Despite having no muscles, researchers noted that fish fins achieved feats of dexterity, strong and flexible. The idea of the research is to design a new surgical tools or airplane wings that may change shape on command.

Francois Barthelat, senior author of the study and professor in the Paul M. Rady Department of Mechanical Engineering, along with his coauthors Floren Hannard at the Catholic University of Louvain in Belgium, Mohammad Mirkhalaf at the University of Sydney in Australia and Abtin Ameri at MIT picked up where the biologists and zoologists have left off by using their expertise in engineering to gain understanding of the properties of the natural world.

Barthelat is familiar with the exquisite properties of fish, having studied how fish scales can be a reference for body armor and seashells for tougher glasses. Fins interest engineers and designers for its flexibility and stiffness. Imagine an aircraft that morph its wing while mobilizing in the air. Or, thinking about how mudskippers utilize their fins to walk on land, imagine a robotic vehicle with such capabilities.

“Airplanes do this now, to some extent, when they drop their flaps,” Barthelat said. “But that’s in a rigid way.
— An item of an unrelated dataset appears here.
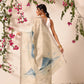 Cotton Zari Tissue Printed Ready to Wear Saree
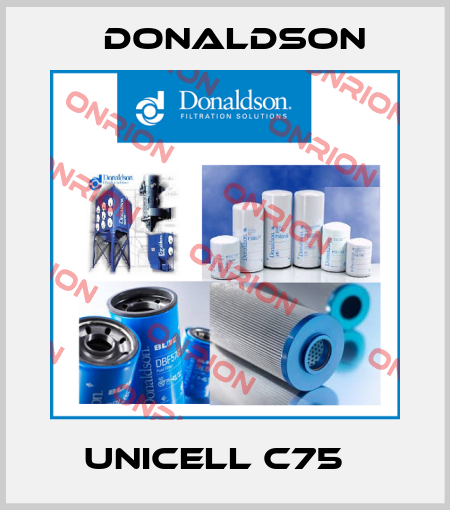 Unicell C75   Donaldson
A wing made out of morphing materials, in contrast, could change its shape more radically and in a continuous manner, much like a bird.”

The researchers explained how fish fins consist of 20 or 30 stiff ‘rays that can be manipulated like fingers. They used computer simulations and 3D printer design to understand the biomechanics of the structures. The result was the segmented design provided the properties needed for morphing while maintaining the necessary stiffness.

“We like to pick up where the biologists and zoologists have left off, using our background in the mechanics of materials to further our understanding of the amazing properties of the natural world,” Barthelat said.